R/synthetic_population.R

Defines functions synthetic_population_column synthetic_population

Documented in synthetic_population

#' Create a synthetic population simulating US Census areas
#'
#' Returns a data set of synthetic individuals based on user-specified US Census
#' areas. The age, sex, race, and ethnicity of each individual is probabilistic,
#' based on the demographics of the areas as reported in a user-specified US
#' Census data set.
#'
#' Returns a [`tibble`][tibble::tibble] or [`sf`][sf::sf] object where each row
#' represents a synthetic person. Each person has an age, sex, race, and
#' ethnicity. The probability of what each person's age/sex/race/ethnicity will
#' be is equal to the proportions in their census area as reported in the
#' user-specified US Census data set (e.g., 2010 Decennial Census or 2017 ACS
#' 5-year estimates). The number of rows in the data set will equal the number
#' of people living in the user-specified US Census areas, as reported in the
#' same US Census data set.
#'
#' @param geography A character string denoting the level of US census geography
#'   at which you want to create a synthetic population. Required.
#' @param state A character string specifying states whose population you want
#'   to synthesize. Defaults to `NULL`. Can contain full state names, two-letter
#'   state abbreviations, or a two-digit FIPS code/GEOID (must be a vector of
#'   strings, so use quotation marks and leading zeros if necessary). Must be
#'   left as `NULL` if using the `geoid` or `zcta` parameter.
#' @param county A vector of character strings specifying the counties whose
#'   population you want to synthesize. Defaults to `NULL`. If not `NULL`, the
#'   `state` parameter must have a length of 1. County names and three-digit
#'   FIPS codes are accepted (must contain strings, so use quotation marks and
#'   leading zeros if necessary). Must be blank if using the `geoid` parameter.
#' @param geoid A character vector of GEOIDs (use quotation marks and leading
#'   zeros). Defaults to `NULL`. Must be blank if `state`, `county`, or `zcta`
#'   is used. Can contain different levels of geography (see details).
#' @param zcta A character vector of ZCTAs or the leading digit(s) of ZCTAs (use
#'   quotation marks and leading zeros). Defaults to `NULL`. Must be blank if
#'   `state`, `county`, or `geoid` is used.
#'
#'   Strings under 5 digits long will yield all ZCTAs that begin with those
#'   digits.
#'
#'   Requires that `geography = "zcta"`. If `geography = "zcta"` and `zcta =
#'   NULL`, all ZCTAs in the US will be used.

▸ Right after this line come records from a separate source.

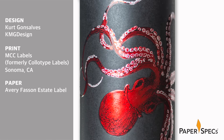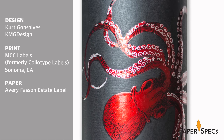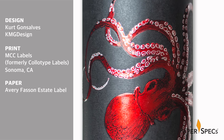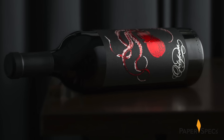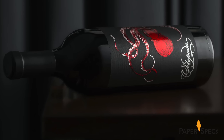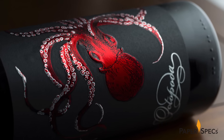Fully aware of this fact, the team at KMG Design created a bold jump-off-the-shelf label for Octopoda, a Napa Valley Cabernet from Barlioz wine. Every winery wants the consumer to grab their specific bottle, which sparked the idea of an octopus grabbing the bottle with all its eight arms.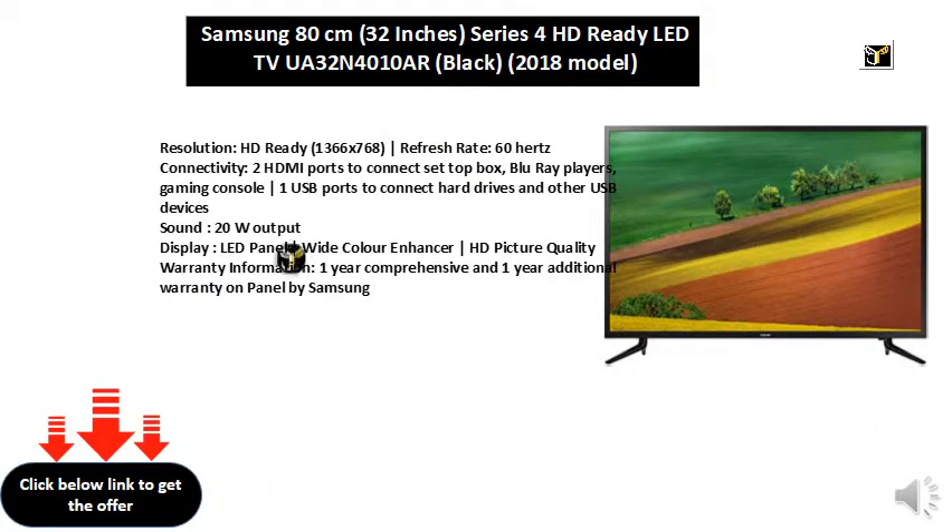Sound: 20W output. Display: LED panel, wide color enhancer, HD picture quality.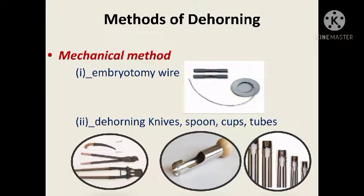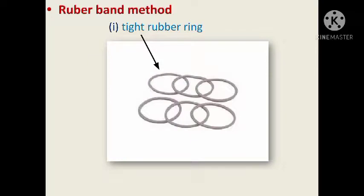Parts of dehorning — the most common method is the mechanical method, which includes dehorning by embryotomy wire, dehorning knives, spoons, cups, tubes, and the rubber band method.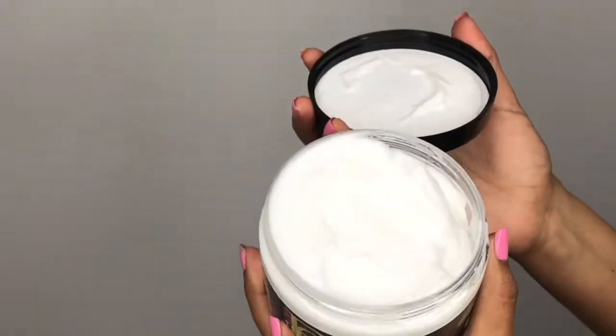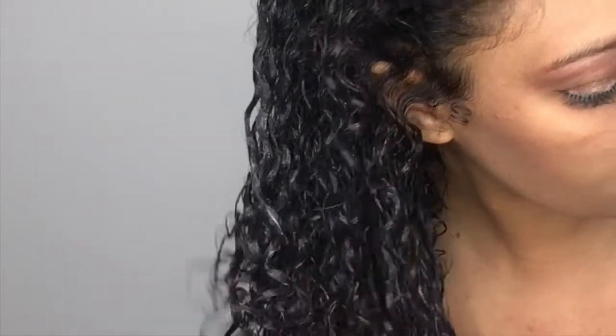I went in with the almond and avocado curling cream. I was so excited to hear that Design Essentials is coming out with a curling cream because creams do amazing things to my hair. There are no paraffins, parabens, or mineral oils, so it's curly girl friendly. As I apply the product I am raking it through my hair and finger coiling as well as shingling at the same time. This is a multi-purpose product — it's great for wash-and-gos, twist outs, and braid outs.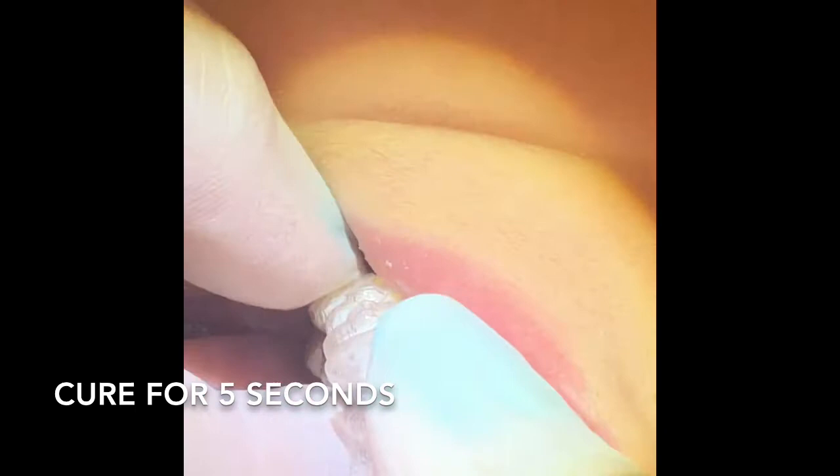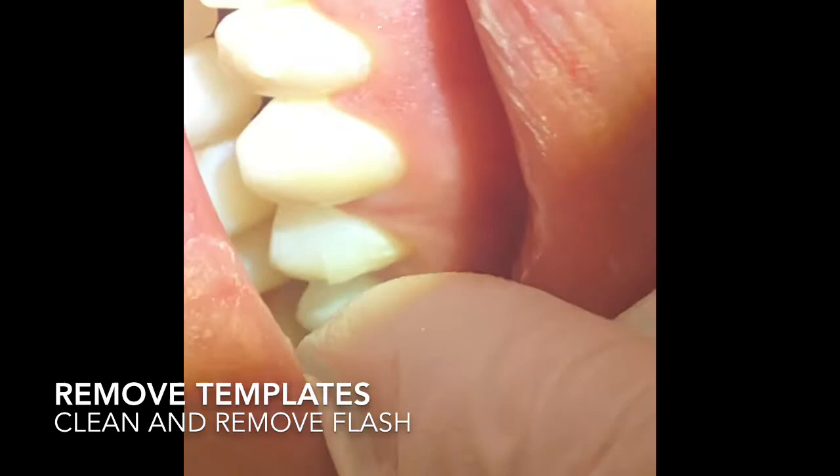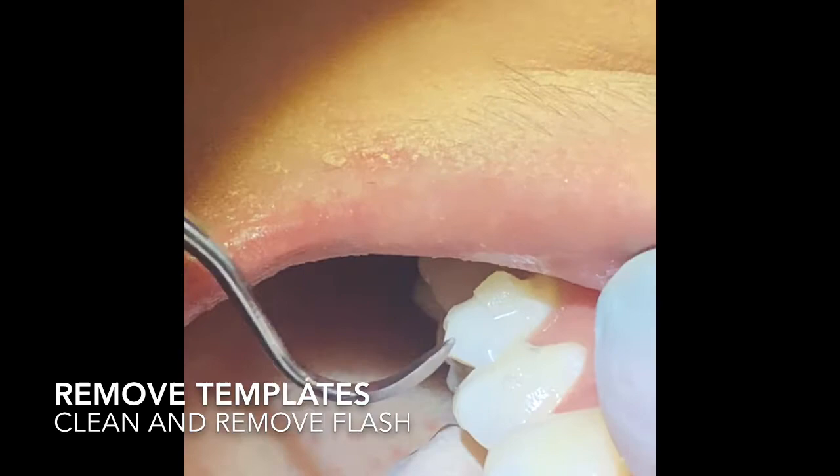Perfection! You can see all the attachments - still got to clean up a little bit of extra flash. To clean the flash off, I just use a scaler. I start at the occlusal - one single scaler move takes the occlusal off, and then I just go around to remove the rest.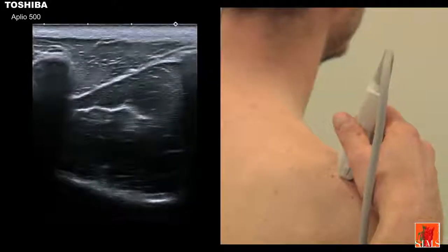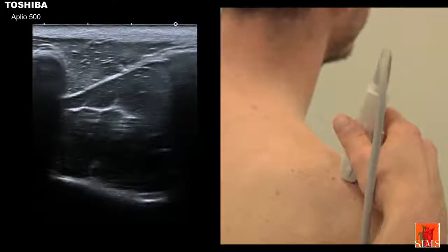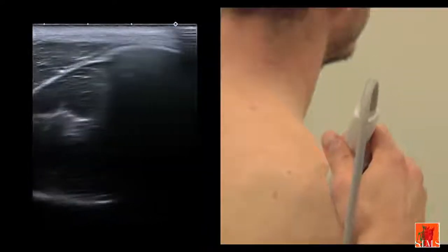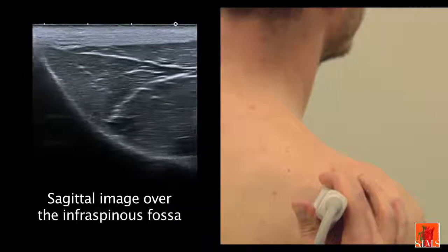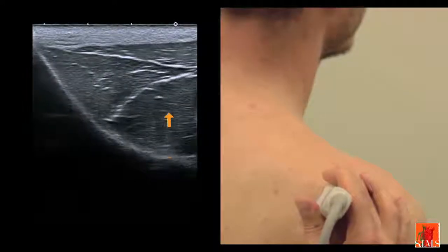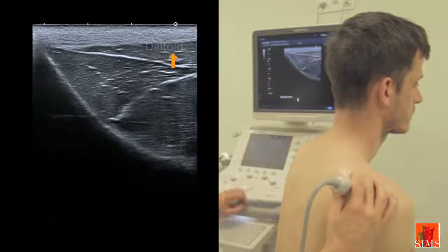In order to obtain a fine sagittal view of the infraspinatus fossa, let's start from the sagittal view of the supraspinous fossa that we looked at a minute ago. We move backwards over the spine of the scapula and follow this beautiful bony slope seen deep to the image, which corresponds to the floor of the infraspinatus fossa. Superficially, we can observe the curve of the infraspinatus muscle located deep to the posterior bundle of the deltoid muscle.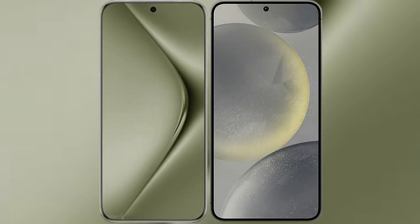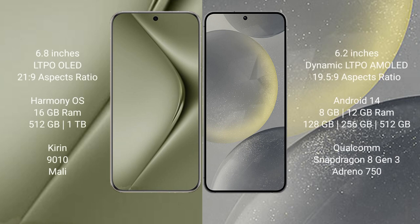I will compare the new Huawei Pura 70 Ultra with the Samsung Galaxy S24. The Huawei Pura 70 Ultra comes with a 6.8-inch LTPO AMOLED display with a 21:9 aspect ratio. The Samsung Galaxy S24 comes with a 6.2-inch Dynamic LTPO AMOLED display with a 19.5:9 aspect ratio.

#' @param year,dataset Specifies the US Census data set on which to base the
#'   demographic profile of your synthetic population.
#'
#'   `year` must be a single integer specifying the year of US Census data to
#'   use.The data set used to calculate ADIs and ADI-3s.
#'
#'   `dataset` must be one of `c("acs5", "acs3", "acs1", "decennial")`, denoting
#'   the 5-, 3-, and 1-year ACS along with the decennial census. Defaults to
#'   `"acs5"`.
#'
#'   When `dataset = "decennial"`, `year` must be in `c(2000, 2010, 2020)`.
#'
#'   Important: data are not always available depending on the level of
#'   geography and data set chosen. See
#'   <https://www.census.gov/programs-surveys/acs/guidance/estimates.html> as
#'   well as [`dataset_year_geography_availability`].

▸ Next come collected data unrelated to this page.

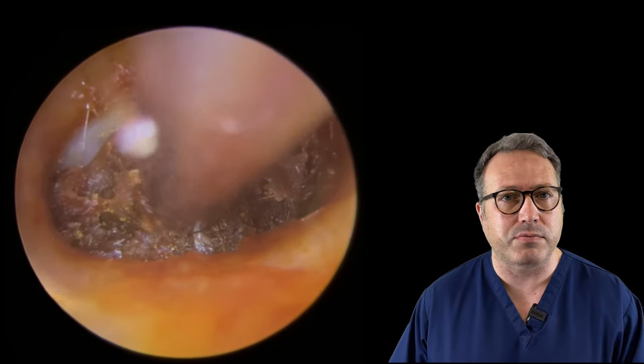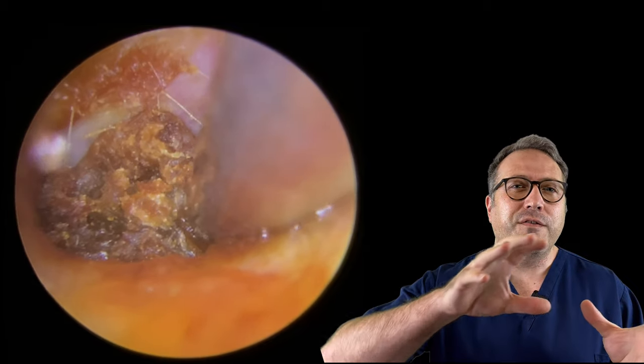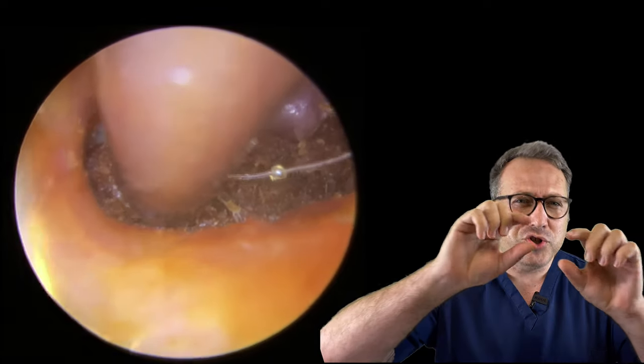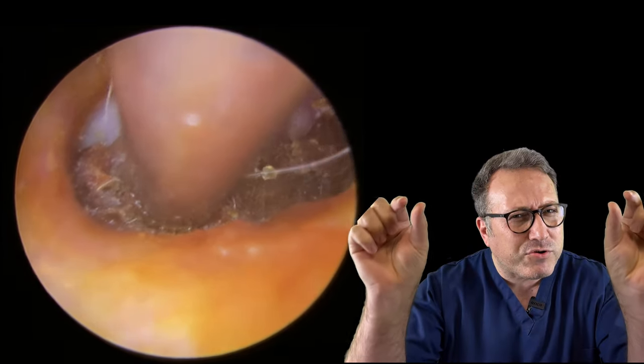As you can see now, we've managed to clear some of the top portion of the eardrum - you can just see that thin layer of eardrum at the top there.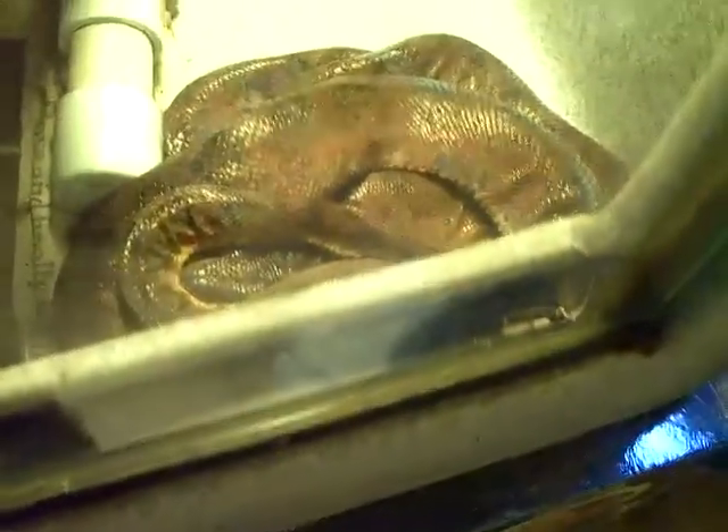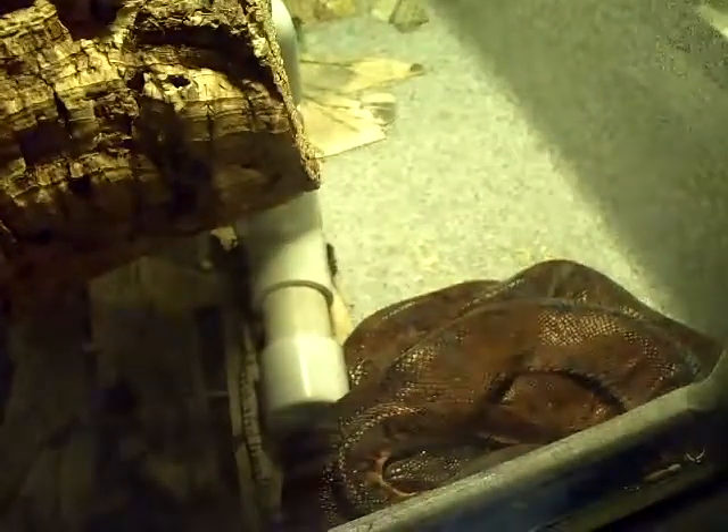She is super pregnant right now. I'm expecting her possibly to even have the babies in the next month. They first started breeding about 112 days ago I believe, so she's getting fairly close to popping.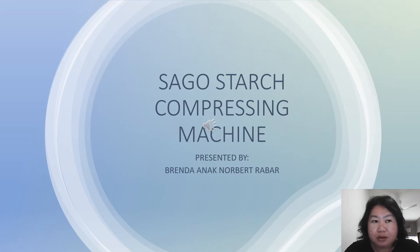A very good morning to all the members of the floor. My name is Brenda Nanorbudraba from Platonic Mukha, Sarawak. Today I would like to present on the sago starch compressing machine.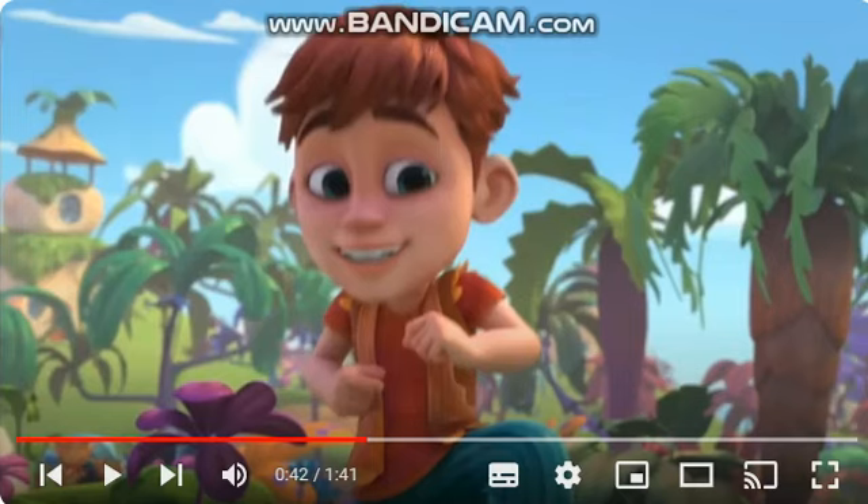Wow, look how good that looks — it's cooked to perfection! Look how juicy and tender the meat is; it's incredibly flavorful. Serve and enjoy.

#' @param geometry Logical value indicating whether or not shapefile data should
#'   be included in the result, making the result an [`sf`][sf::sf] object
#'   instead of a plain [`tibble`][tibble::tibble]. Defaults to `FALSE`.
#'
#'   The shapefile data that is returned is somewhat customizable by passing
#'   certain arguments along to the `tidycensus` functions via `...`.

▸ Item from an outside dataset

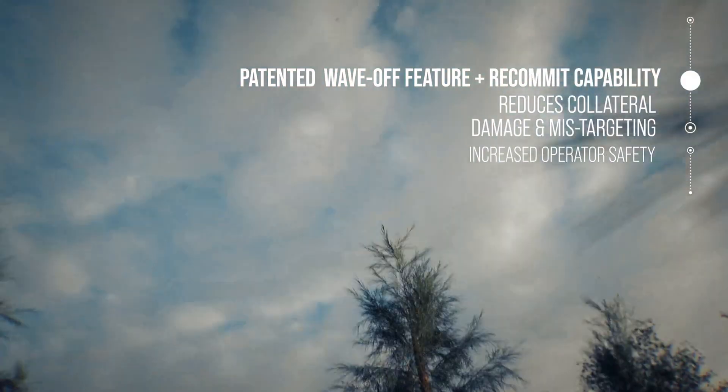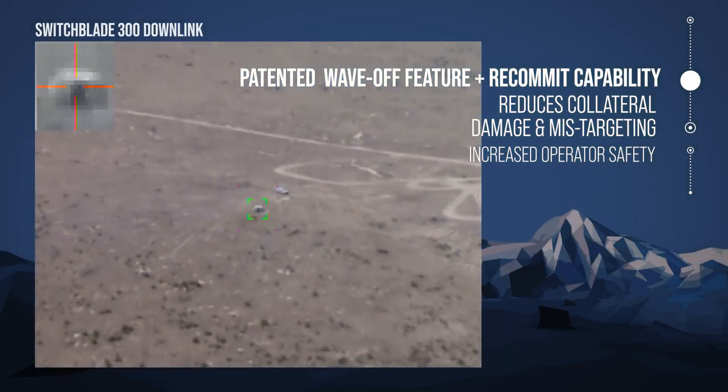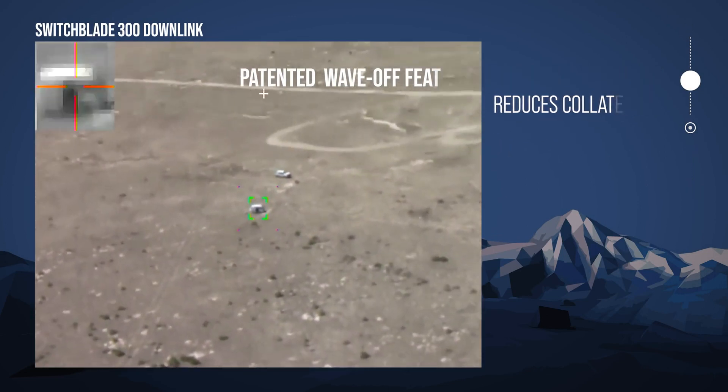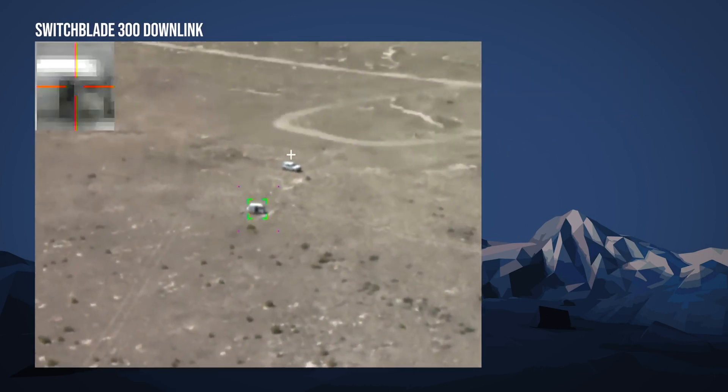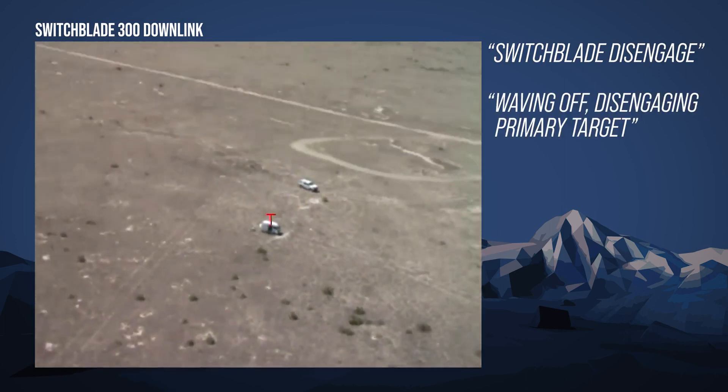Switchblade's patented wave-off capability could be used for a number of reasons — whether the target developed a little bit too much and now there are non-combatants next to the target, or the target went away and the Switchblade operator doesn't want to prosecute what's actually in the target area. Switchblade disengaged, waving off, disengaged the primary target.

#' @param cache_tables The plural version of the `cache_table` argument in
#'   [tidycensus::get_acs()] or [tidycensus::get_decennial()]. (`get_adi()`
#'   calls the necessary `tidycensus` function many times in order to return
#'   ADIs and ADI-3s, so many tables are cached if `TRUE`). Defaults to `TRUE`.
#' @param max_age A single integer representing the largest possible age that
#'   can appear in the data set. Simulated age values exceeding this value will
#'   be top-coded to this value. Defaults to 115. See details.
#' @param rate A single number, passed to [stats::rexp()] when synthesizing the
#'   ages of the highest age bracket. Defaults to 0.25. See details.
#' @param key Your Census API key as a character string. Obtain one at
#'   <http://api.census.gov/data/key_signup.html>. Defaults to `NULL`. Not
#'   necessary if you have already loaded your key with [census_api_key()].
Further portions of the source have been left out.